Supporters of the Export-Import Bank of the United States (Ex-Im) continue to wait for the Senate to formally attach the measure to larger legislation a week after the House of Representatives voted 313 to 118 to reauthorize the export assistance agency. Meanwhile, conservative House lawmakers reportedly are searching for other ways to restrict Ex-Im, whose charter was allowed to expire in July.
Senate Majority Leader Mitch McConnell (R-KY) has held to his position that he does not want to bring Ex-Im’s reauthorization bill for a vote on its own and would rather attach it to the “must pass” Highway Trust Fund bill in coming days or weeks.
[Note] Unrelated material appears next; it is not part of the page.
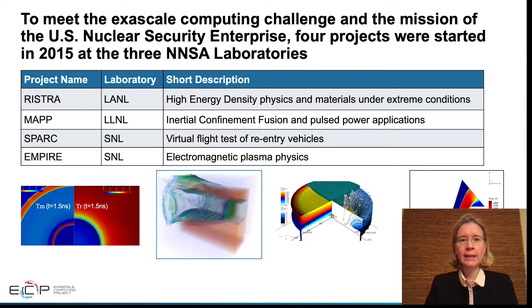To meet the Exascale Computing Challenge and the mission of the US Nuclear Security Enterprise, four projects were started in 2015 at the three National Nuclear Security Administration Laboratories. The aim of the four projects is to deliver new codes to simulate problems not currently feasible on today's computers.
Solid support appears to exist in the Senate to pass a bill with the same wording as used in its House counterpart—There were 64 senators that voted in favor of a similar version over the summer.
Meanwhile, far-right House lawmakers are trying another strategy toward scuttling Ex-Im by proposing several significant amendments to its version of the Highway Trust Fund bill that would place new restrictions on the bank (e.g., allowing only small businesses to participate in Ex-Im programs, barring Ex-Im from working with businesses in certain countries or regions including the Middle East, etc.). House Speaker Paul Ryan (R-WI) has recently bashed Ex-Im alongside of the Tea Party wing of the GOP, likening it to a form of corporate welfare. That assertion, as well as the reality that the United States is now the only major economy lacking a fully functional export credit agency (it may only service previous loans), has been widely and deeply panned by most political moderates, business analysts and economists.
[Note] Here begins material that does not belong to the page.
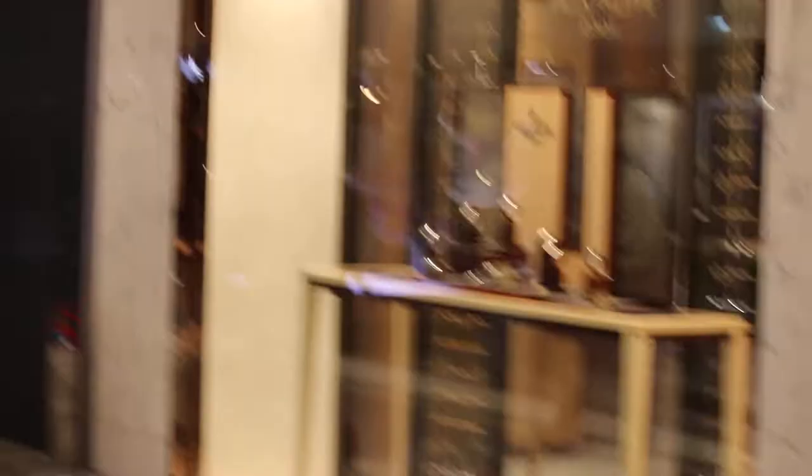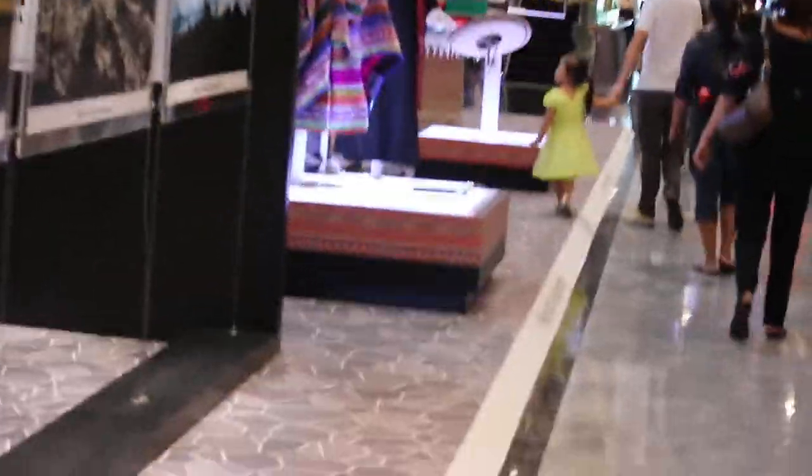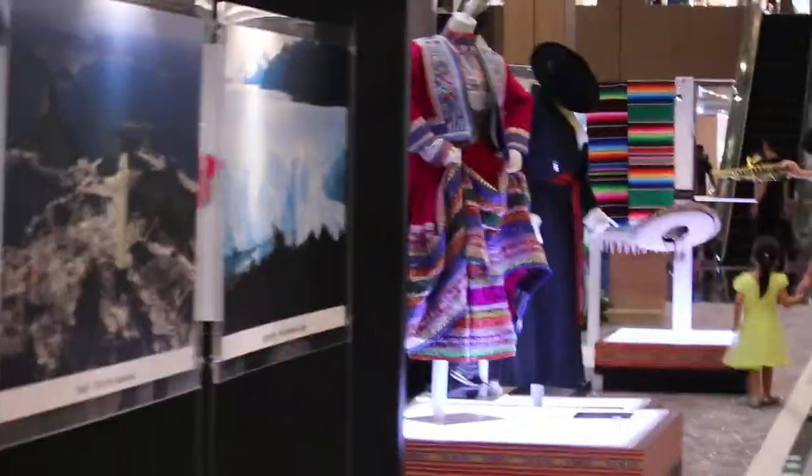This is Paragon Shopping Centre, Singapore. September 9th, Saturday, September 9th 2018.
Ex-Im, through the fees it charges, enables companies to sell products to foreign-based buyers that otherwise have insufficient borrowing options. Ex-Im typically generates a taxpayer-neutral result or, more frequently, a surplus; and it has not relied on taxpayer money to cover its activity at any point this decade. Agency supporters have expressed concern that previously funded companies may need to move some manufacturing operations outside of the U.S. if Ex-Im remains closed; that competitors subsidized by foreign governments would have an unfair advantage; and that domestic jobs will shrink at companies of various sizes.